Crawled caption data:
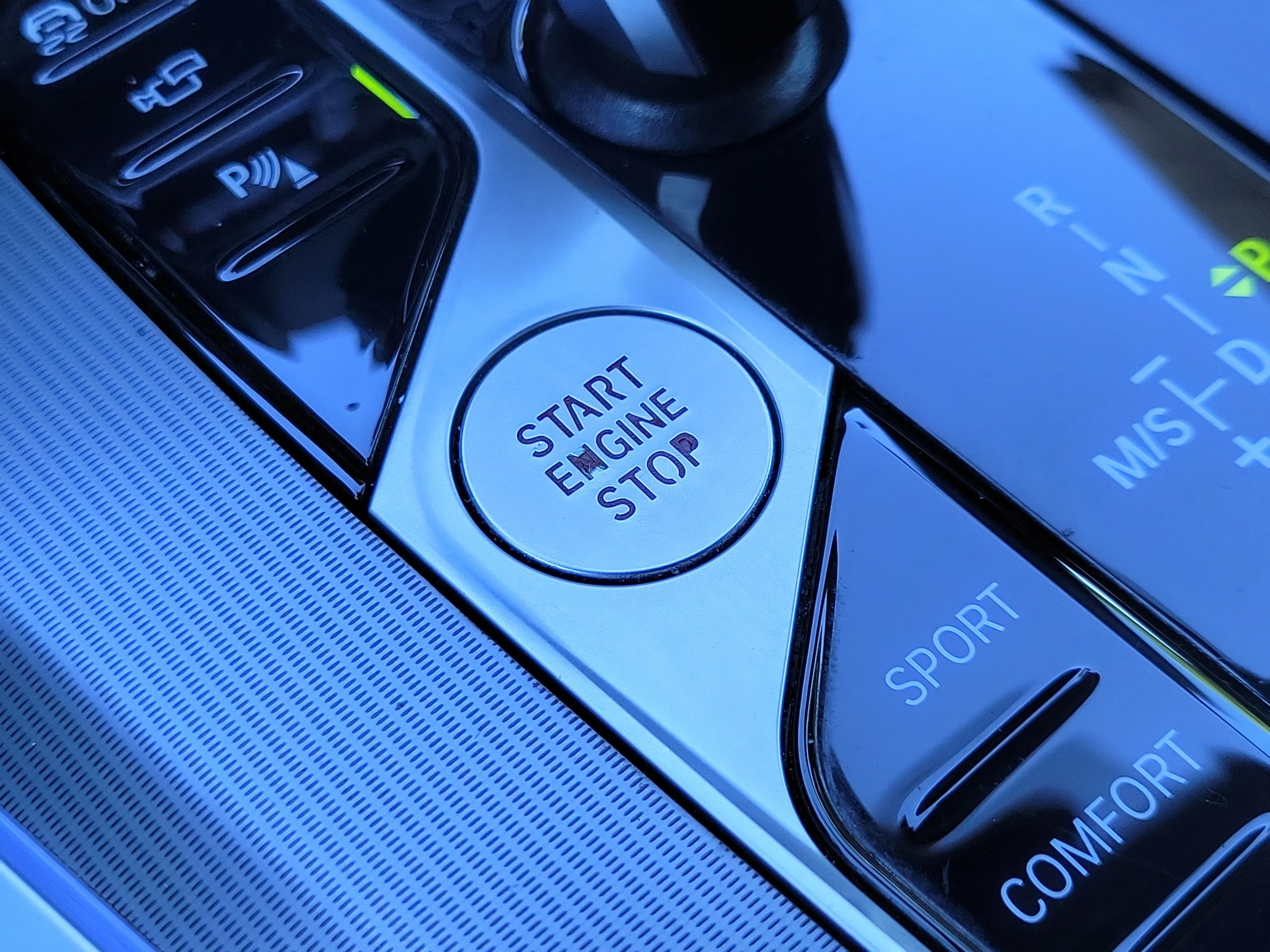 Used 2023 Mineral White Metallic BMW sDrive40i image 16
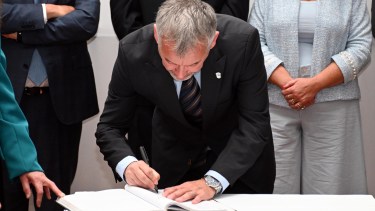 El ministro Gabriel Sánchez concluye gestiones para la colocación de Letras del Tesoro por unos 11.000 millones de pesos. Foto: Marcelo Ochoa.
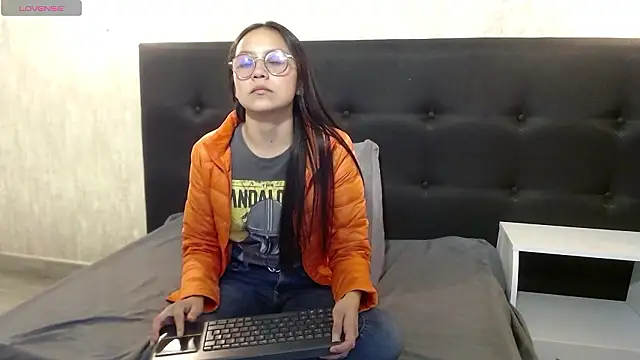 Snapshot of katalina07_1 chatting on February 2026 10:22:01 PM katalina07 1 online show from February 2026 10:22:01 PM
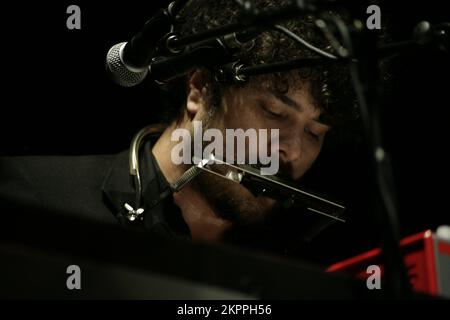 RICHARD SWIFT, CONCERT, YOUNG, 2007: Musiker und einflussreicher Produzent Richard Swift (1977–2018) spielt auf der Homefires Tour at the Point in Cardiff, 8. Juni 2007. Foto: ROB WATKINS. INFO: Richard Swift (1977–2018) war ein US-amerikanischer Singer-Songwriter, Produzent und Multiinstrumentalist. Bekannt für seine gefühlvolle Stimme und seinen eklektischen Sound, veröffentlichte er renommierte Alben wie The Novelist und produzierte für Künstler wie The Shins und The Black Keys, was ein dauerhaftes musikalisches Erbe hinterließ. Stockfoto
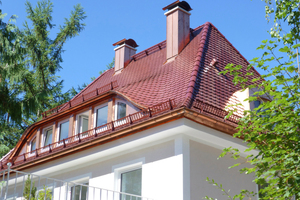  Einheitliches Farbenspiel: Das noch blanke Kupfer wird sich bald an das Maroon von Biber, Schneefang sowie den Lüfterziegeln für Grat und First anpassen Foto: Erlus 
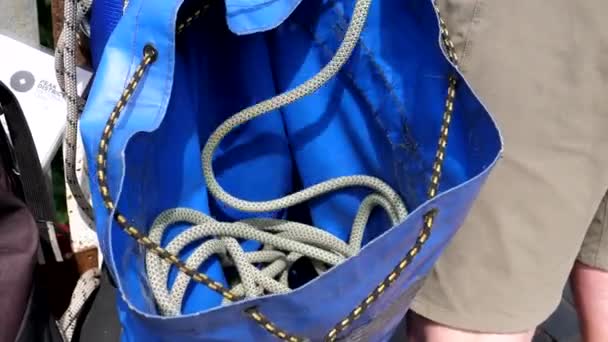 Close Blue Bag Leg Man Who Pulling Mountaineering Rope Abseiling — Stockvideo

• Required action
Pictures do not belong in the copy. Repeat only the lines from the top of the records through the line containing "Snapshot of katalina07_1".

• Written solution
 Used 2023 Mineral White Metallic BMW sDrive40i image 16
 El ministro Gabriel Sánchez concluye gestiones para la colocación de Letras del Tesoro por unos 11.000 millones de pesos. Foto: Marcelo Ochoa.
 Snapshot of katalina07_1 chatting on February 2026 10:22:01 PM katalina07 1 online show from February 2026 10:22:01 PM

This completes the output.